• Task to carry out: What is needed is every line from the one holding "STEVEMADDEN Women's Shoes CLASSY PINK PATENT" to the last line of the data below, printed exactly and without pictures.

• Exercise inputs:

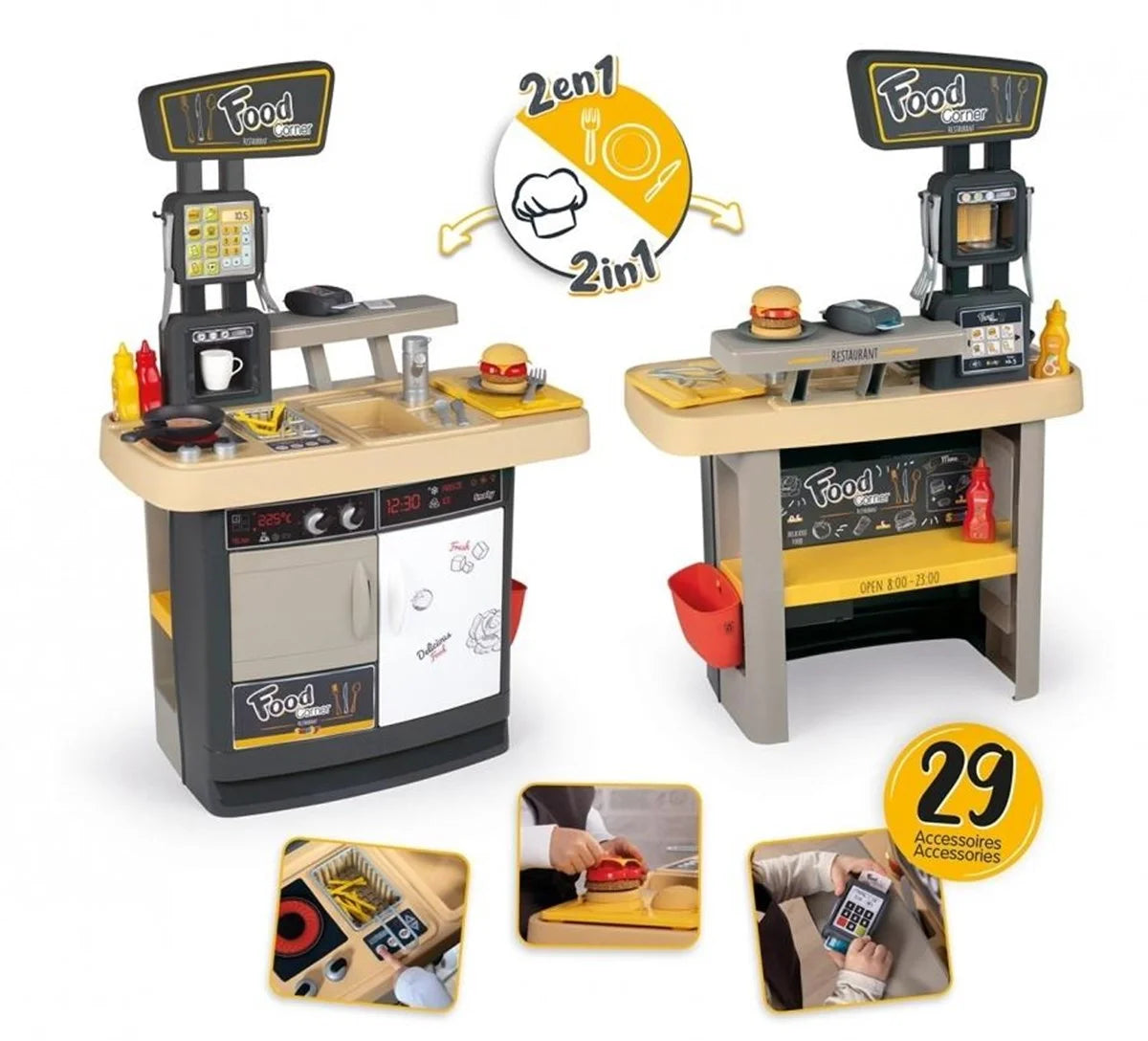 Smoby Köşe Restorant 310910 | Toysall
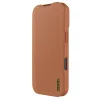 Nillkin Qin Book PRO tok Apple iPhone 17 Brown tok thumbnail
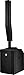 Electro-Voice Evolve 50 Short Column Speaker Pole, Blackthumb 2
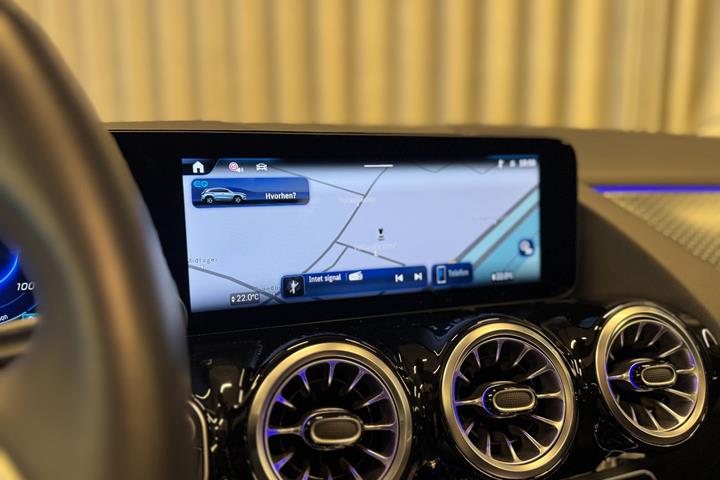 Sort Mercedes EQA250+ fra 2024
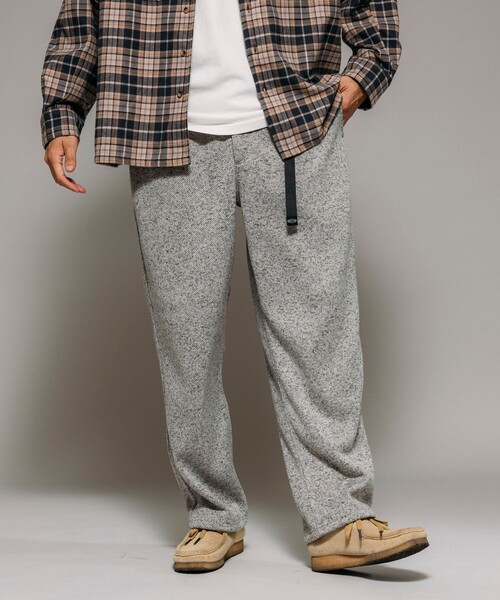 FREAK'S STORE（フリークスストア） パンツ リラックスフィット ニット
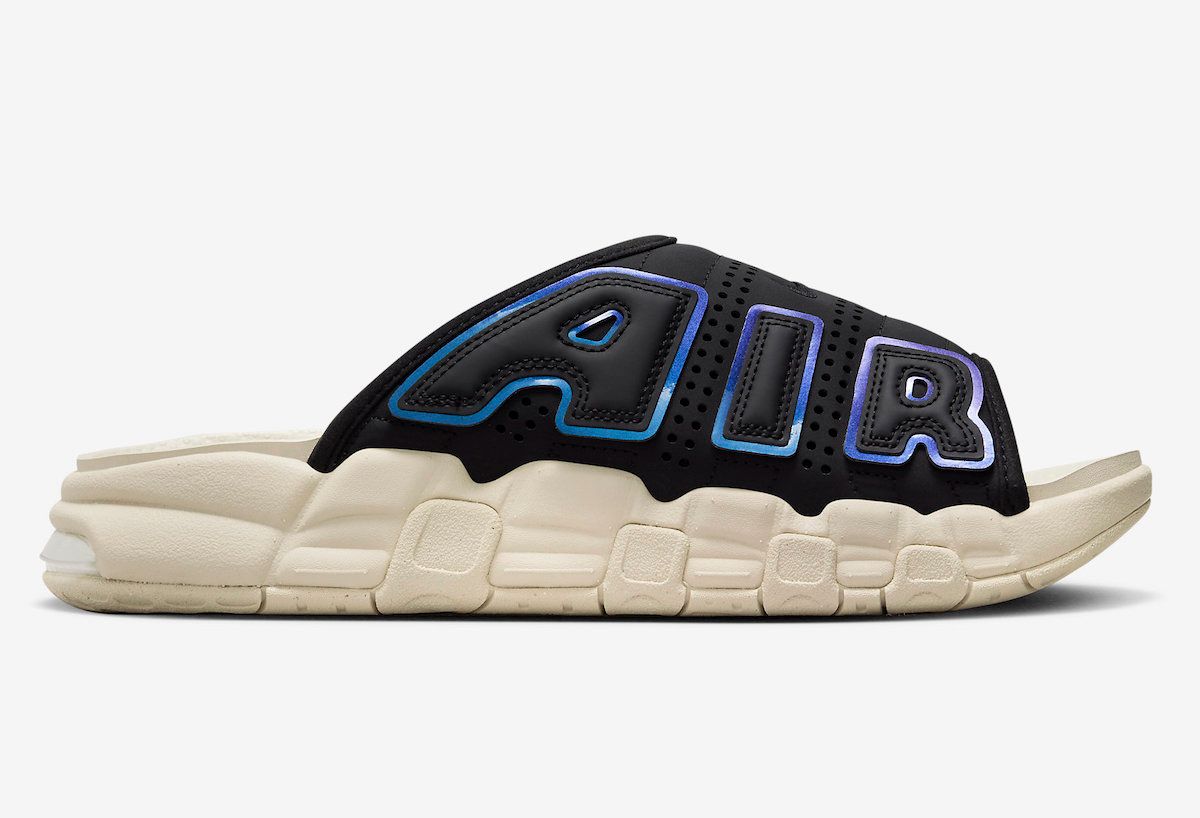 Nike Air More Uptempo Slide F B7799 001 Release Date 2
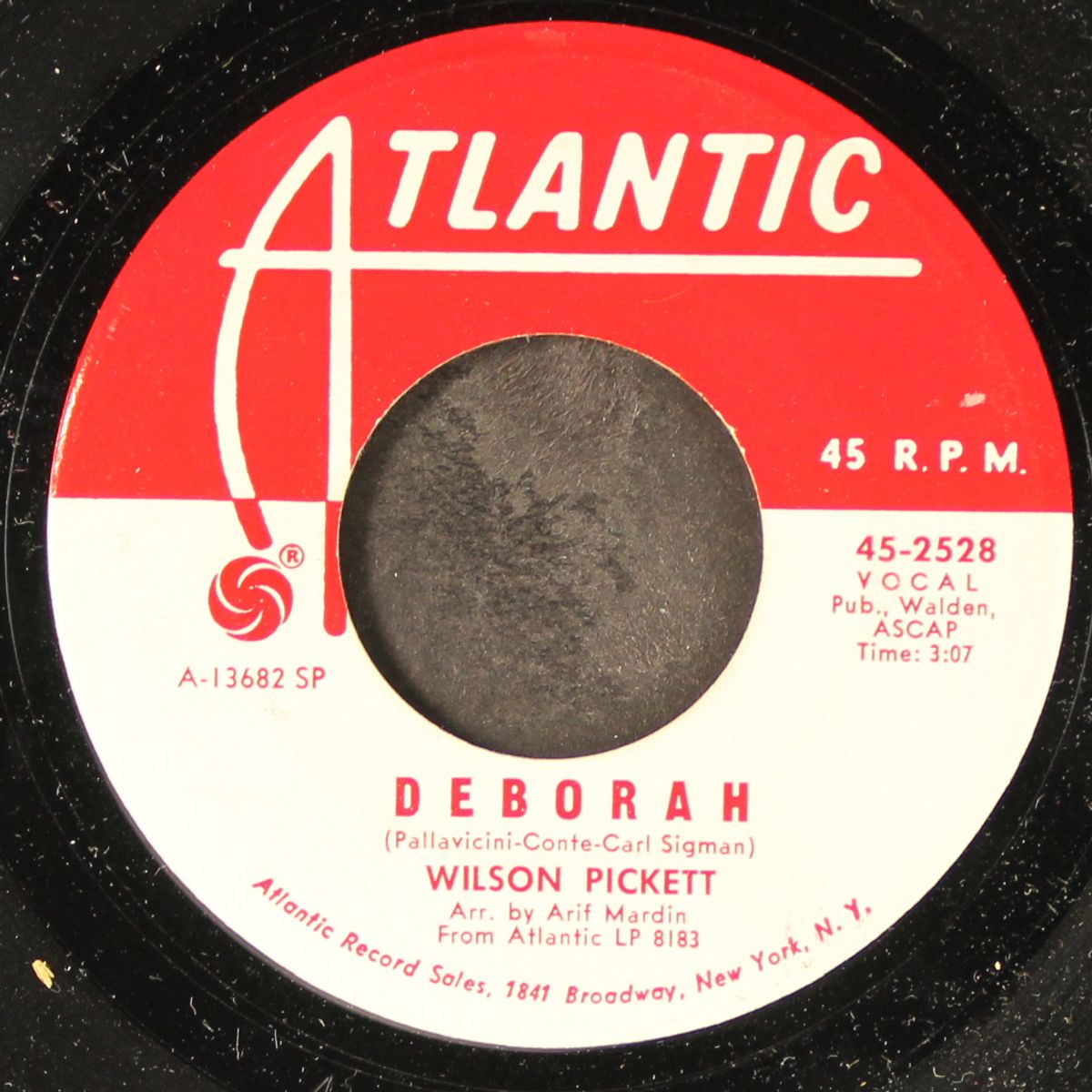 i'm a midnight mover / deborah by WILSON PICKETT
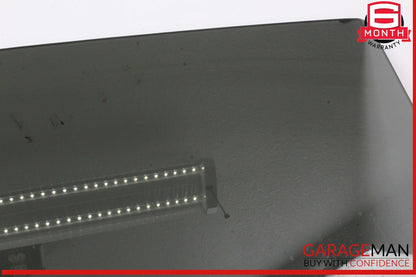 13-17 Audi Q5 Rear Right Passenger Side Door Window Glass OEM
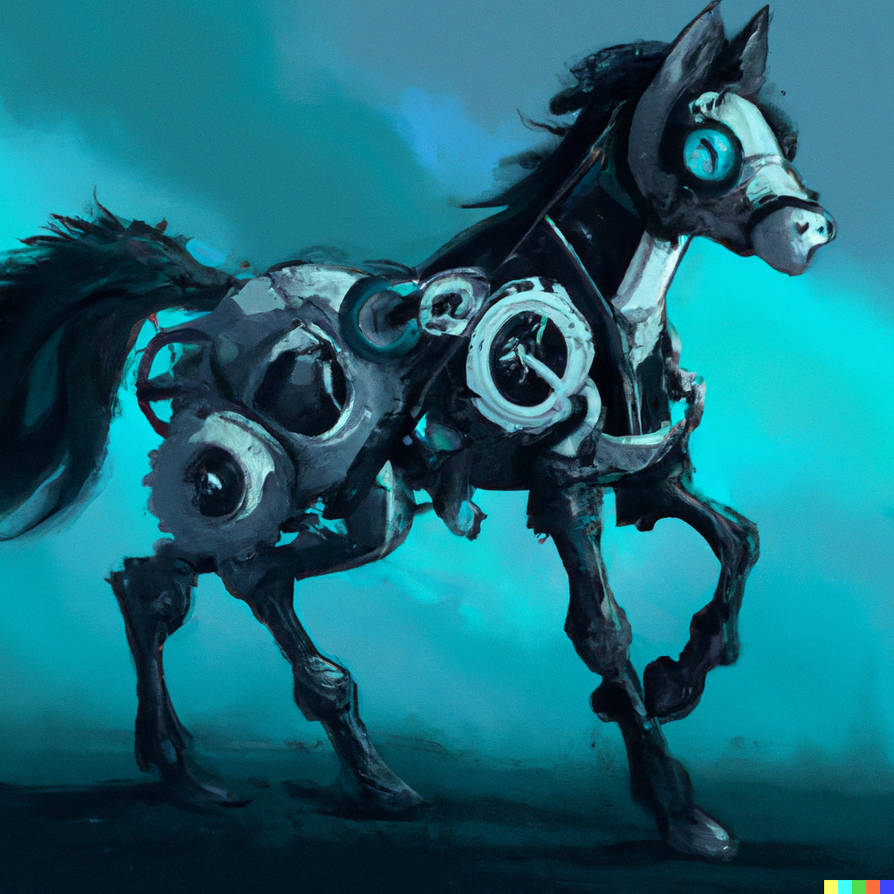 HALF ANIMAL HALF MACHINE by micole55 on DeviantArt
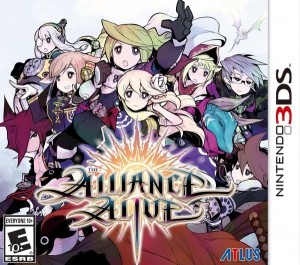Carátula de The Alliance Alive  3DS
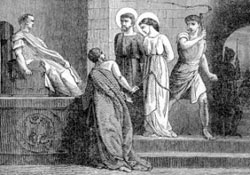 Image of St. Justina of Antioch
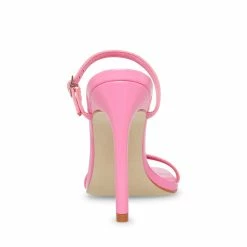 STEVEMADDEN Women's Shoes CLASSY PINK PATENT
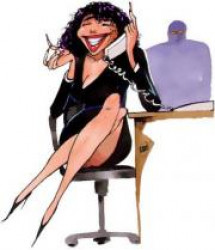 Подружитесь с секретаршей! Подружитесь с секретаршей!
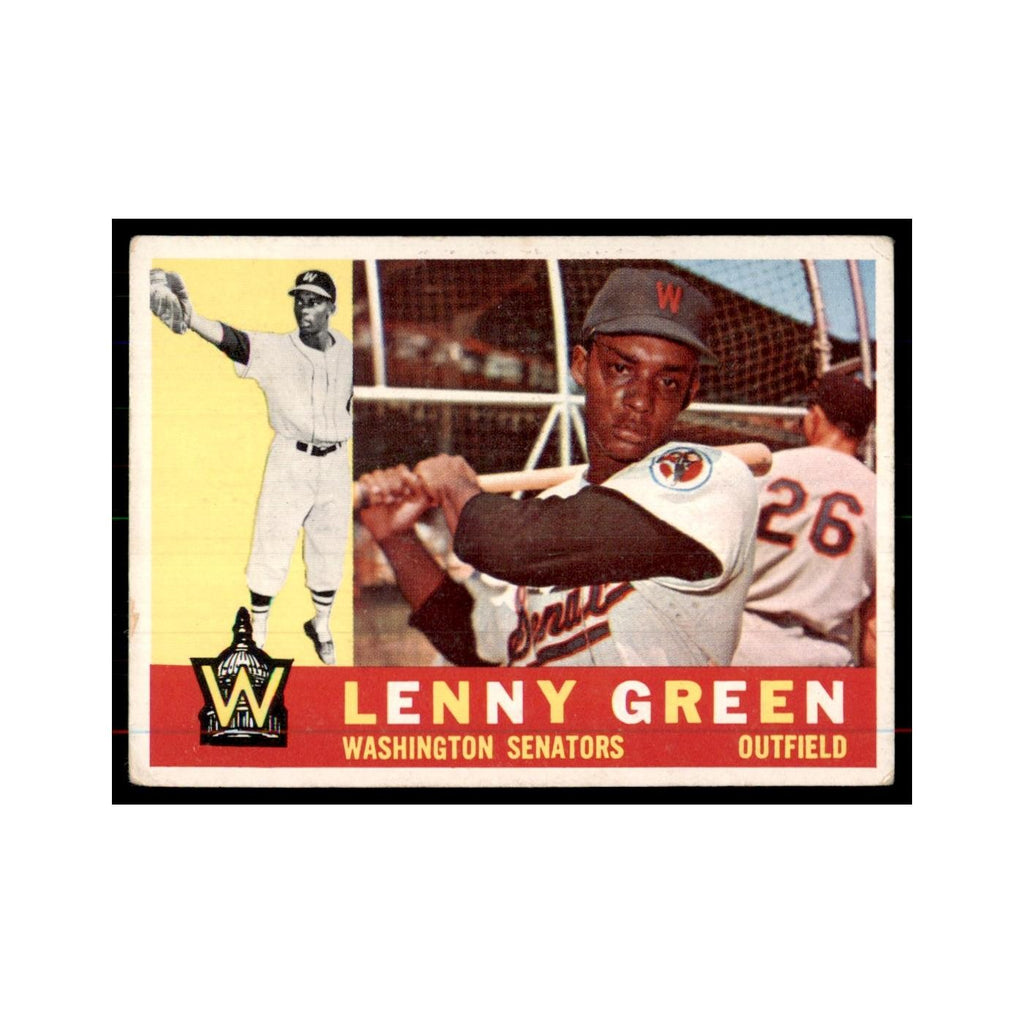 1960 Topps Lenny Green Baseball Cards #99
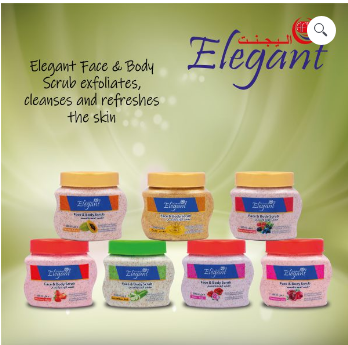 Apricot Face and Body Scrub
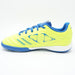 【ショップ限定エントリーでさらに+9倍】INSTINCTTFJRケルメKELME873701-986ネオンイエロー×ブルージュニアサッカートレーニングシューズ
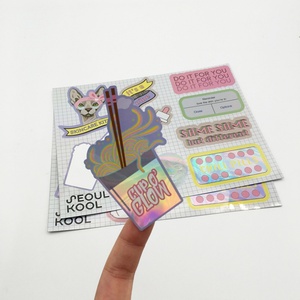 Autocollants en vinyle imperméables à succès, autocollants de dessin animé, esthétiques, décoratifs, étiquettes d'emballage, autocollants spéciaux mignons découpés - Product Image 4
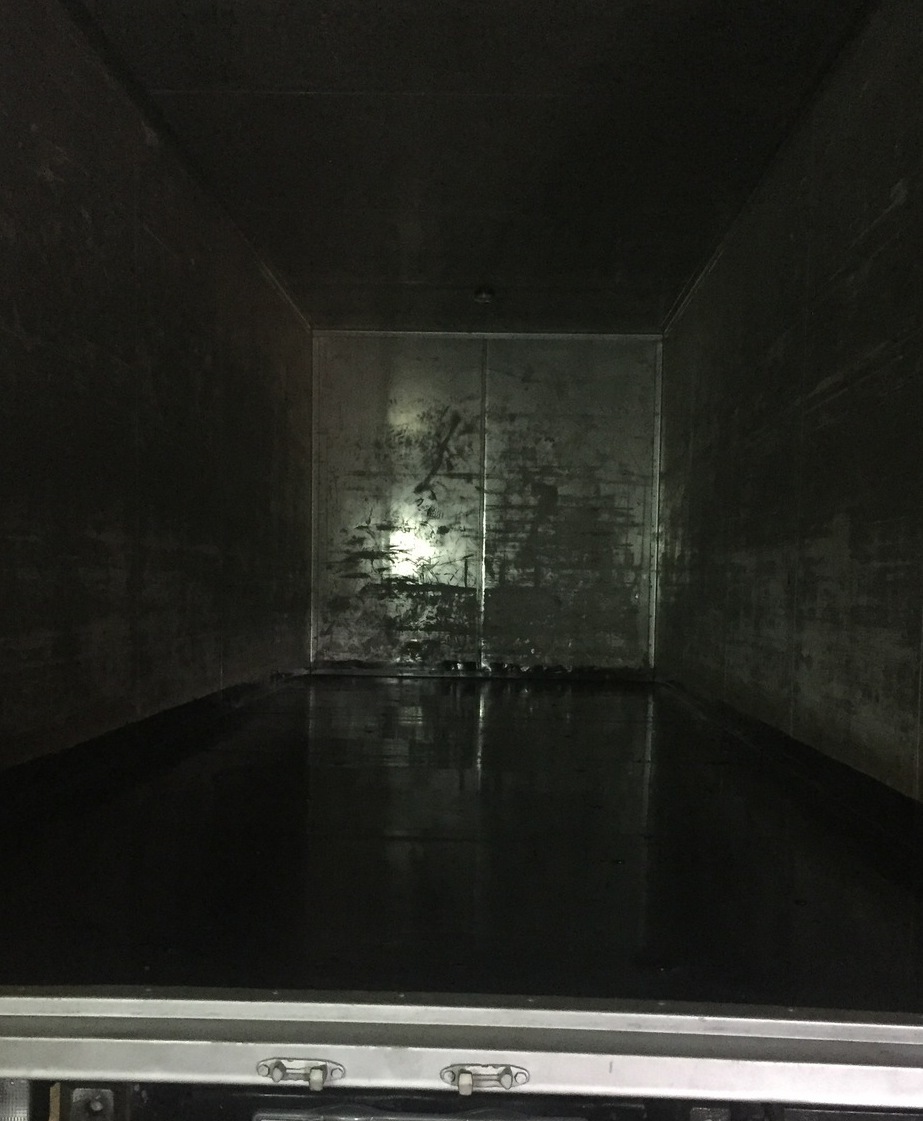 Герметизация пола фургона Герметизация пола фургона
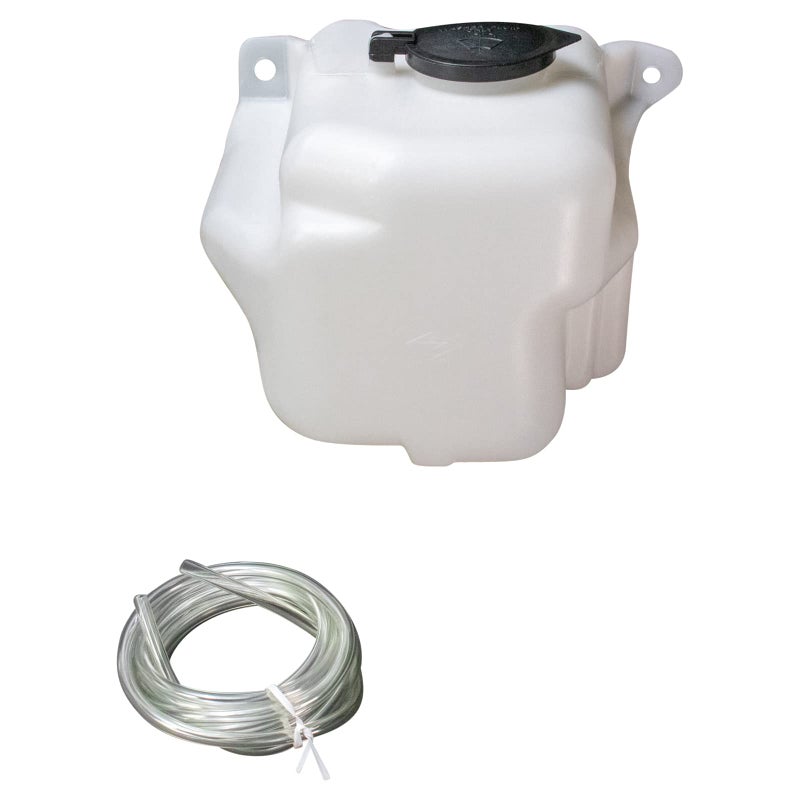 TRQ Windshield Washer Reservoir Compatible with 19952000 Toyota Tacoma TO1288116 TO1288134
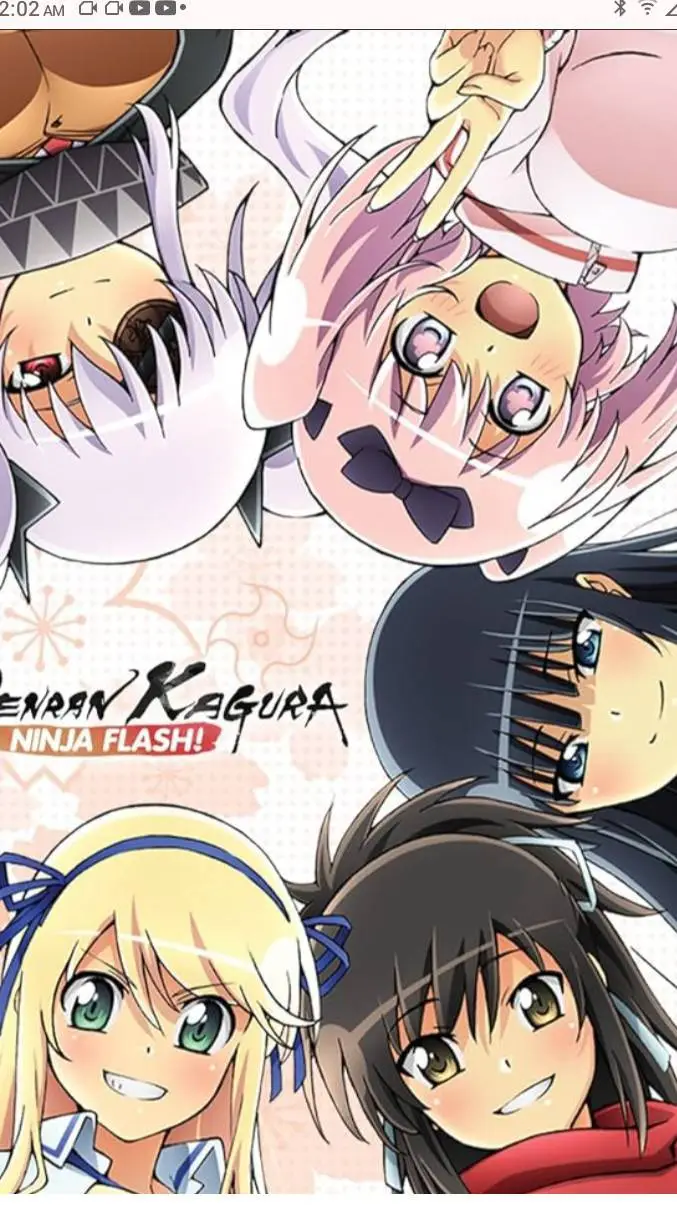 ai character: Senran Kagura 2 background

• Reply to the task:
 STEVEMADDEN Women's Shoes CLASSY PINK PATENT
 Подружитесь с секретаршей! Подружитесь с секретаршей!
 1960 Topps Lenny Green Baseball Cards #99
 Apricot Face and Body Scrub
 【ショップ限定エントリーでさらに+9倍】INSTINCTTFJRケルメKELME873701-986ネオンイエロー×ブルージュニアサッカートレーニングシューズ
 Autocollants en vinyle imperméables à succès, autocollants de dessin animé, esthétiques, décoratifs, étiquettes d'emballage, autocollants spéciaux mignons découpés - Product Image 4
 Герметизация пола фургона Герметизация пола фургона
 TRQ Windshield Washer Reservoir Compatible with 19952000 Toyota Tacoma TO1288116 TO1288134
 ai character: Senran Kagura 2 background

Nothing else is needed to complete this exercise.